This is a pretty cool video of the B&M with multiple lashups. I think this is a mix of regular B&M commuter trains and then the ski train specials to N. Conway (BTW, that line is still largely in tact with only 18 mi out of service, upon which most of it is still in place and cleared). 

The RDCs were used in Boston North Station for years and years as their primary commuter train solution. I'm not sure how it worked with conductors/trainmen... It seems like they have a trainman for each car today on the MBTA, so perhaps they did back then too? ...I don't really know how you would do it otherwise with the frequency of station stops nearing Boston.


----------



## on30gn15 (May 23, 2009)

Have seen a couple published HO scale track plans for B&M suburban runs for either steam or RDC.
Those RDC do make a spiffy looking train. And that long consist with white extra flags was interesting.


----------



## du-bousquetaire (Feb 14, 2011)

If I remember correctly there used to be one conductor per train on the B&M, they could go from one car to the other with the end doors and probably fitted them with safety chains on the sides of the gangway. They used conductors keys to open the doors so that regular passengers could not go from car to car except in station stops by getting off and back on again. I don't exactly remember.
But I remember the conductors, they wrere friendly and knew their jobs well: What was a huge surprise for this European young man at the time (around 1971-'73) was that they could keep track of every passenger on the train. Once they controlled your ticket, they never asked you again although they kept going through the train after just about every station. Their secret was that they would slip your ticket in a slot on top of the seat backs. If they had controled it. And that way, at a glance, they could see who had just got on board at the last station.

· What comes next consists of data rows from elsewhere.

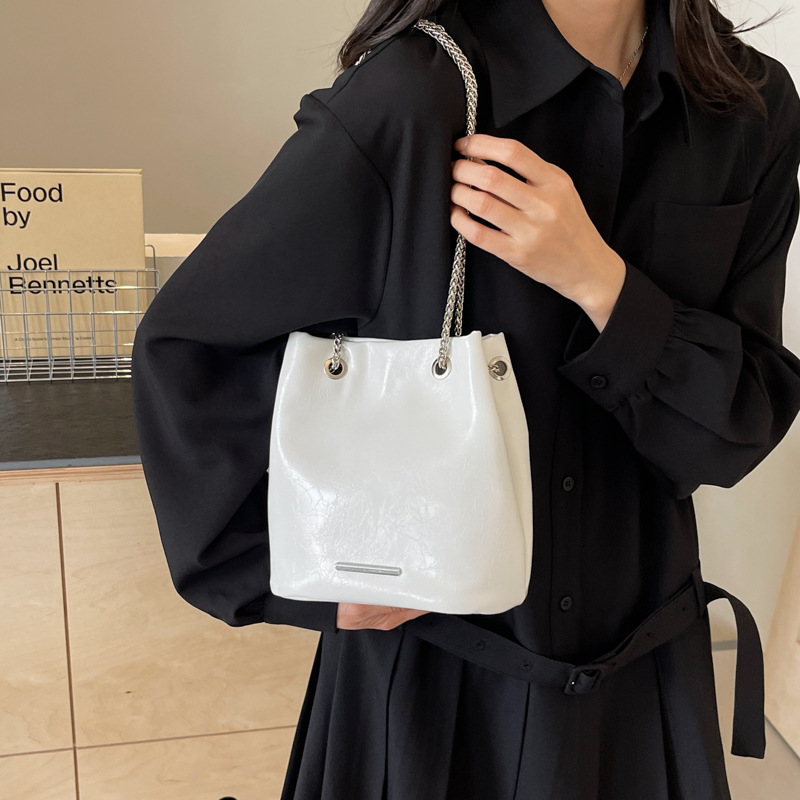 Bolso de cubo de textura transfronteriza 2025 verano nuevo bolso femenino bolso de hombro simple con explosión bolso de mensajero de cadena de moda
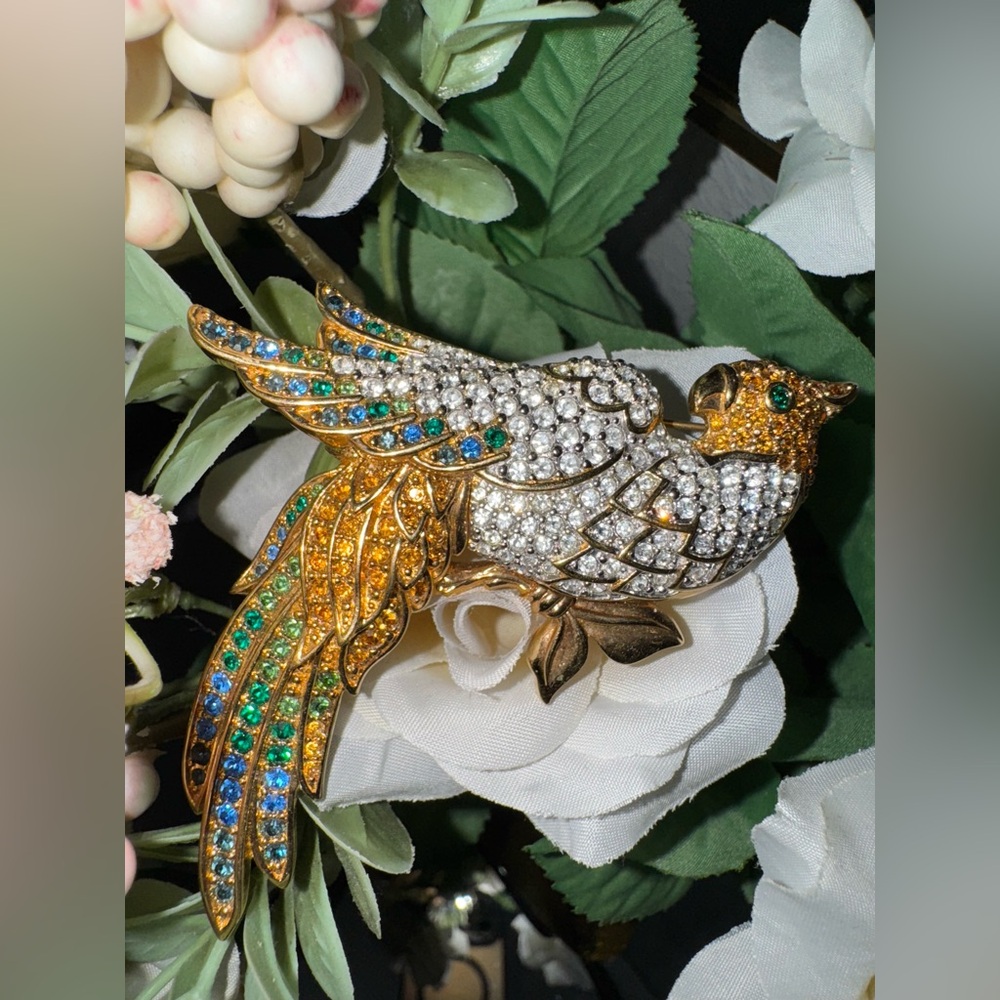 Swarovski Swan Gold Plated Vintage Cockatiel Parrot Brooch and Pin - Picture 3 of 15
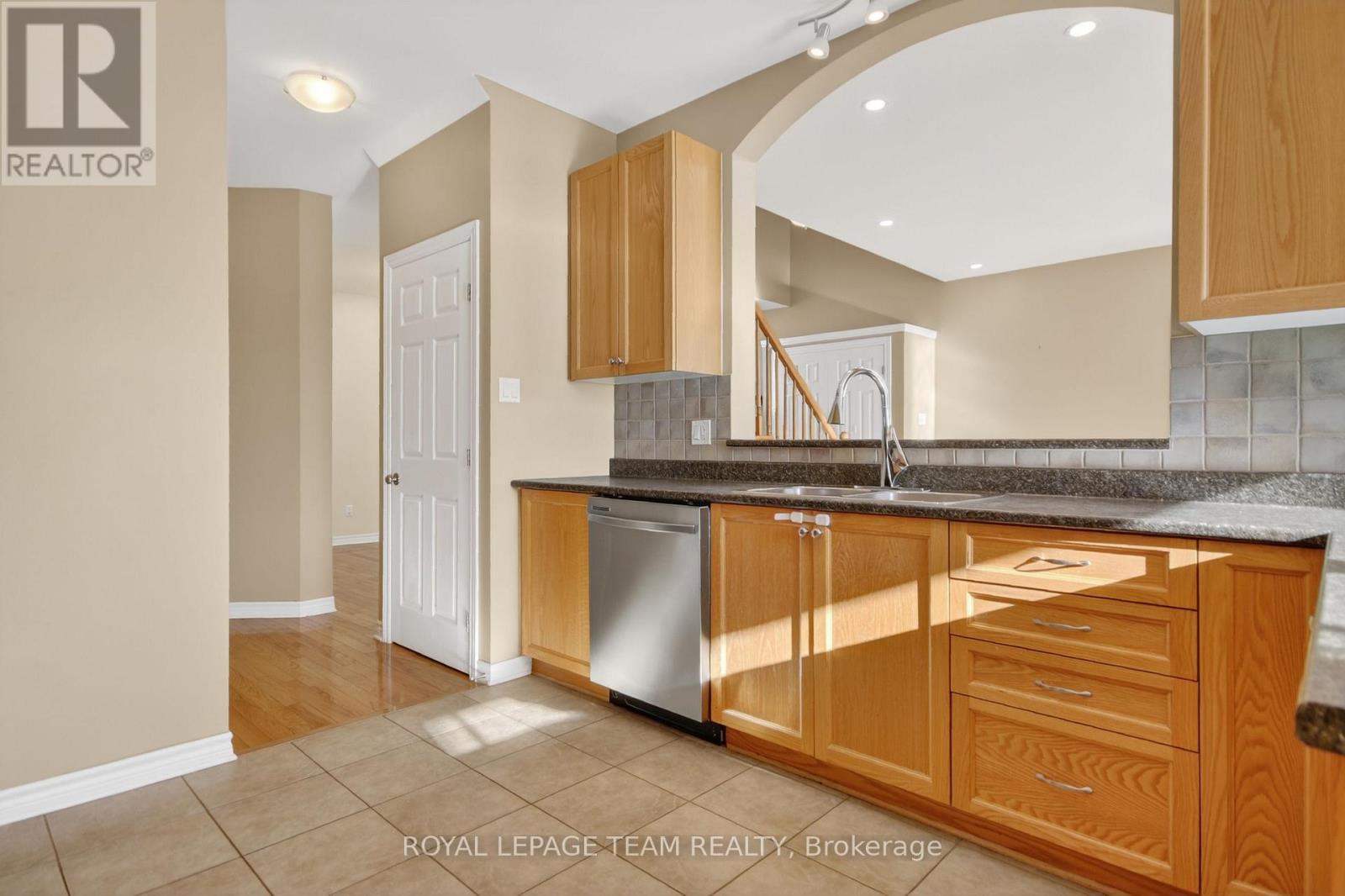 Kitchen - 59 Polo Lane, Ottawa, ON - Indoor Photo Showing Kitchen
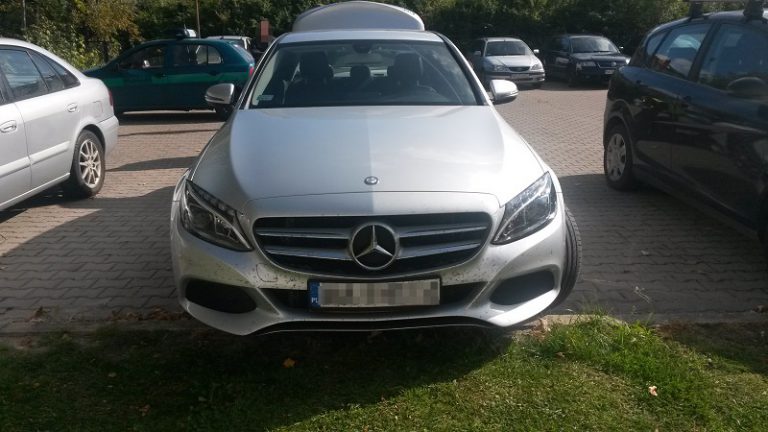 Luksusowy mercedes, a w bagażniku nielegalne papierosy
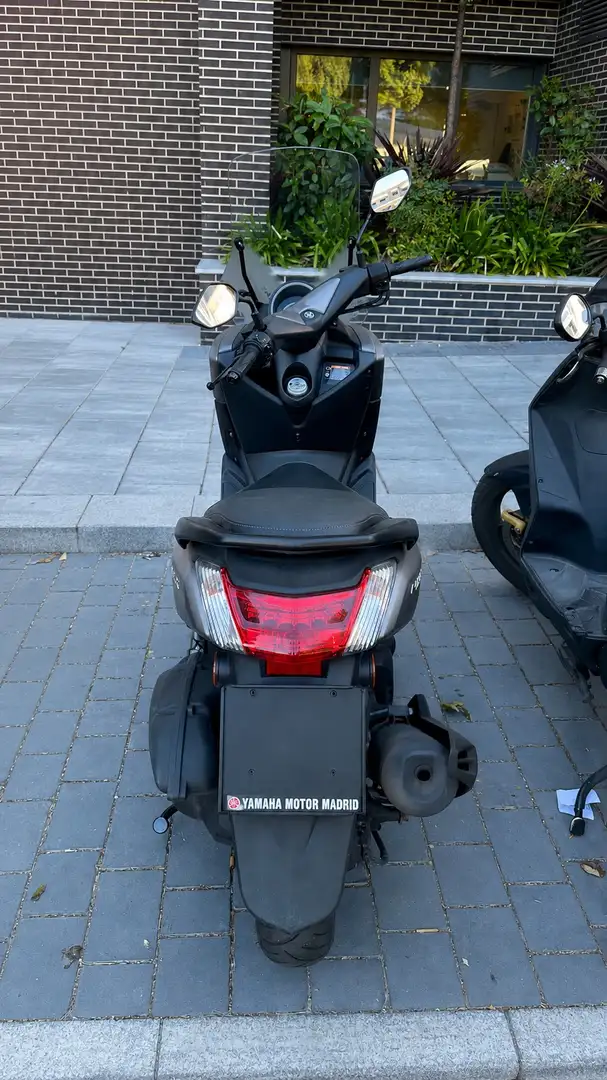 Yamaha NMAX 125 ABS Gris - 1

It was very professional.


----------



## Doug C (Jan 14, 2008)

A couple vids that popped up on google.ca ; 

a oldie that has some MU clips ;






in the 1990s MU 9 min.(ish) mark ;




(rdc3 at 12:50 MU with a conversion ? )


----------



## on30gn15 (May 23, 2009)

Doug C said:


> (rdc3 at 12:50 MU with a conversion ? )


 It sure does look like someone did a spot of 1:1 scale kitbashing and turned a 3 in to a 1. The way light is reflecting from side here at 12:39 really shows it up https://youtu.be/bXMdxRMB5t4?t=12m39s


----------